The 6 day stale date was interesting to me because I'm pretty sure that correlated to when I upgraded to 2.3.9.166. I stayed on 32.3.8 for a long time because I had to be rock stable during this period. So I was initially wondering if that might be related. I dont know if its relevant or not. I hadn't added zwave devices in a looong time, and was 2.3.8 for a looong time. So maybe correlated, maybe not.
I tried a zwave repair on the Fan controller, that failed (timed out on neighbors). And that sort of set of chain reaction then on said neighbors going offline. I tried a few more repairs on those, and the network (among those neighbors) was soon falling apart. I have a large amount of devices in this area (mostly various light controllers) that are literally 4 to 12 nautical feet from the hub.
Pretty soon things were getting bad and I was a bit concerned. So I tried to restart the Hub. That didn't help and a few more repair tries continued to degrade the network. After doing my diligence to search for the issues and help, I was about to post and saw Jeff's comment that a simple Hub restart does not reset the radio h/w. That never occurred to me as in my job life, we make sure to design that in for all radios in our system, and also have external means (dedicated hardware or a small monitoring controller) so that we can restart our radios in the event that an app, the OS, or our processor(s)/device hang and die.

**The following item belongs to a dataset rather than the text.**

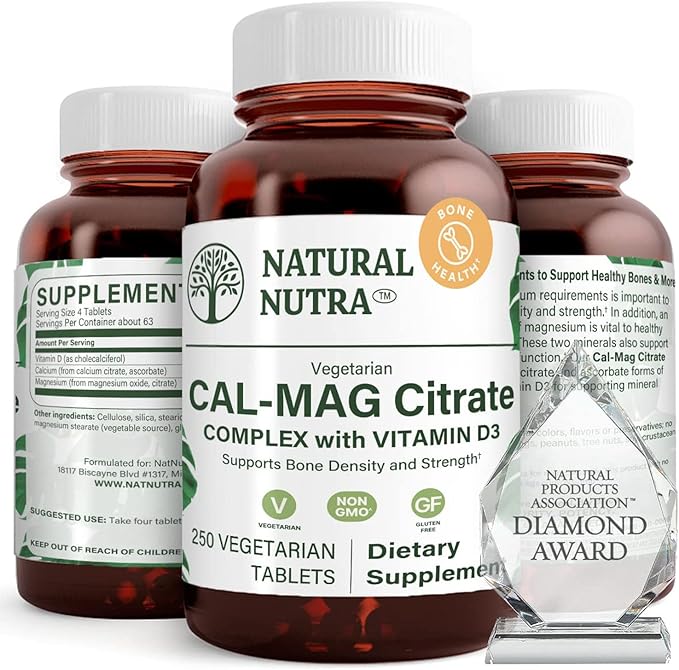 Natural Nutra Cal-Mag Citrate with Vitamin D31000/500 mg Complex Strengthen Bone Density Muscle and Nerve Health Help Maintain Healthy Teeth Highly Bioavailable Sources 250 Vegan Tablets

SO... I did a hard shutdown and power down per the recommendation. After coming back up, the fan controller and other devices were working.
The next night, I added two more Zooz ZEN71 switches (to the same room/area). Same thing happened; A few devices went offline, zwave repairs failed and just took down more devices.

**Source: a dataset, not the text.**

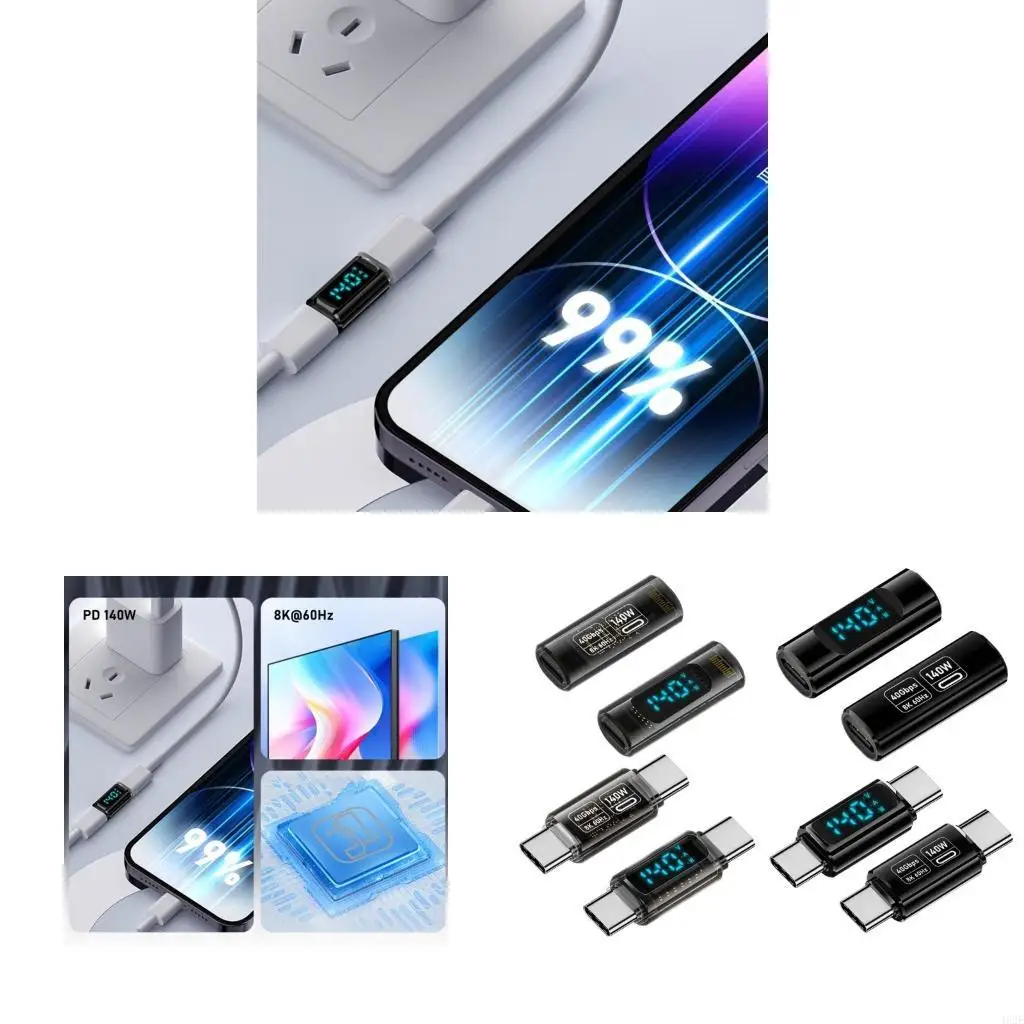 462E USB C Datos y adaptador carga con LED 40GBPS Super Speed ​​8K60Hz Transmisión video para múltiples dispositivos USB C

While debugging and testing, I enabled mesh on some powered devices that previously weren't enabled for mesh in this area (I have many and the space isn't that large). In the early days I was trying to control limit the hops that routes would take in this area by not enabling all the repeaters.
That didn't help and if anything maybe made things worse. SO I repeated the prior nights procedure. Hard shutdown, pull power wait... reboot.
When the Hub came back up, the network was more streamlined than I have ever seen it. Far more of the devices that 'should' be a single hop (literally feet from the hub), were direct connected; the devices which did take multi hops mostly made sense to me based on their distance/location etc. upstairs, or farther away with repeater devices in the general line of radio sight to their location.
I haven't done extensive testing yet tonight, and I'm not adding more devices for a bit and especially until I get a better feel for whats going on.
I'm not sure what to make of all this yet, but wanted to share to get thoughts and/or add more data if there is something going on more wide scale.